Norwalk-based Xerox Corp. on Thursday said it anticipates that President Trump’s tariffs will lower the company’s 2025 operating income by about $50 million in 2025, as the company’s first-quarter earnings missed analyst expectations.
Since assuming his second presidential term, Trump has levied a series of tariffs on overseas nations that include a 145% levy on Chinese imports.
China countered and raised its tariff on most U.S.-made goods to 125%.
“If China tariffs are reduced from 145% to 60%, we expect to be able to offset the impact of tariffs through a comprehensive set of price increases, surcharges, geographic rebalancing and supply chain-related mitigation efforts, as well as incremental reinvention-related savings,” John Bruno, Xerox’s president and chief operating officer, said on Thursday during the company’s first-quarter earnings call. “This is a very fluid environment, and financial impacts are difficult to forecast. We will do our best to share further forecasted impacts and our mitigation plans as they evolve.”
He said the reciprocal tariffs impact the company’s cost of sales by less than 10%.
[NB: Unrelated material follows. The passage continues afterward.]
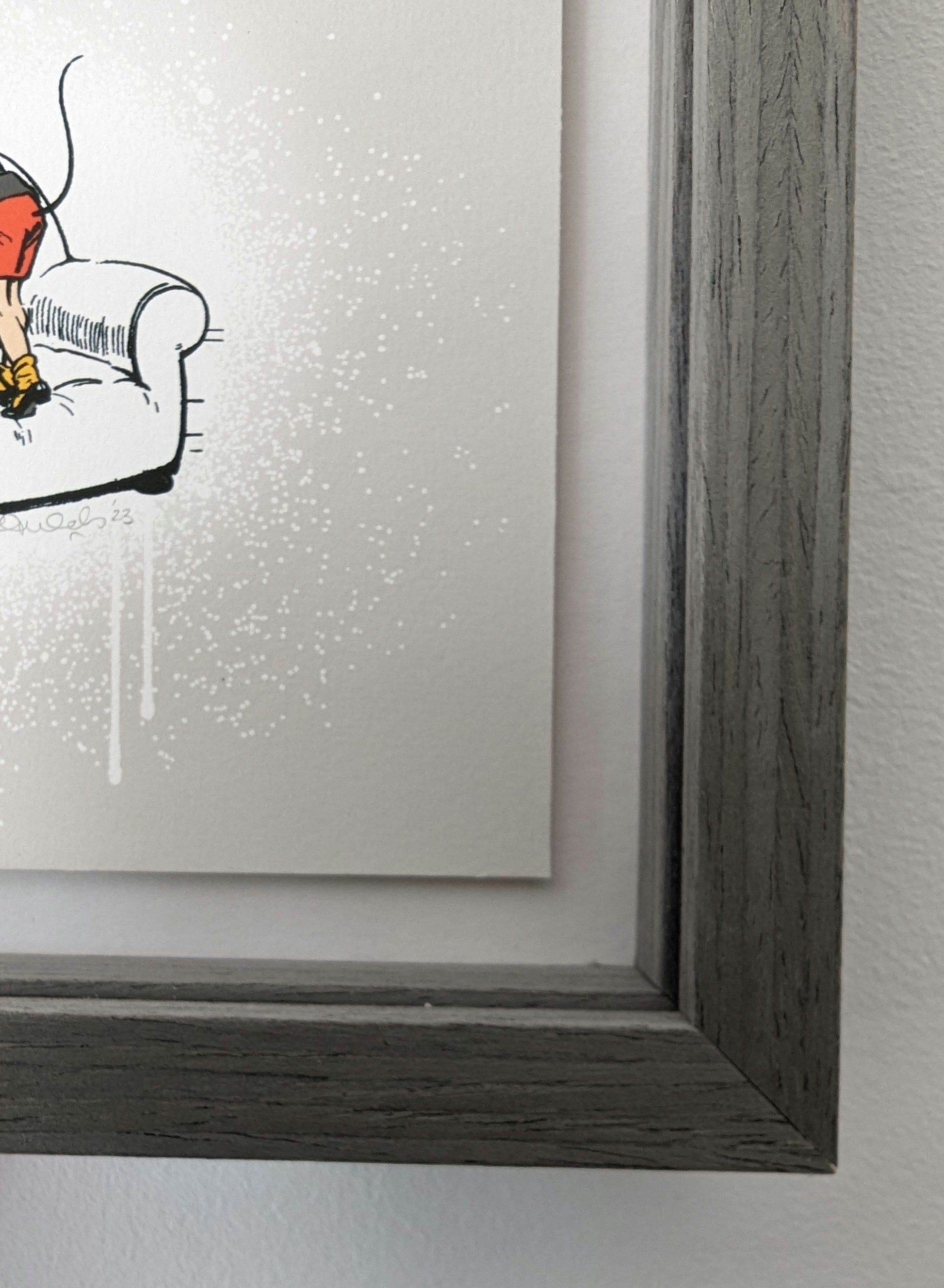 ARTWORK FLOAT MOUNTED IN A GREY WOOD PICTURE FRAME WITH GREY WOOD GRAIN INTERNALS TO CREATE A BOX FRAME.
“Plans are in place today to shift most China-produced goods to countries with lower tariffs,” Bruno said. “Our print services and financing business, which is more than 60% of the total print revenue, has minimal reliance on imported products.”
During the first quarter, Xerox reported a 1.1% decline in revenue to $1.5 billion, and a net loss of $90 million, or a loss of 75 cents per share. Its adjusted net loss was $4 million, or 6 cents per share, down from an $11 million adjusted profit a year earlier.
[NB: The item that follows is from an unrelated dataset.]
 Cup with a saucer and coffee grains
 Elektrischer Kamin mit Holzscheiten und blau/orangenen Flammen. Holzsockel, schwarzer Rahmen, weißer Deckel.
The analyst consensus estimate was an earnings-per-share loss of 3 cents.
During the quarter, Xerox, which has been in a cost-cutting mode, said its print business revenue declined 9.4% to $1.29 billion, while its IT solutions business increased revenues by 121.6% to $164 million.
“In a quarter marked by increasing levels of macroeconomic and trade policy uncertainty, our team remained focused on what we can control: the balanced execution of our Reinvention and delivering client success,” said Steve Bandrowczak, chief executive officer at Xerox.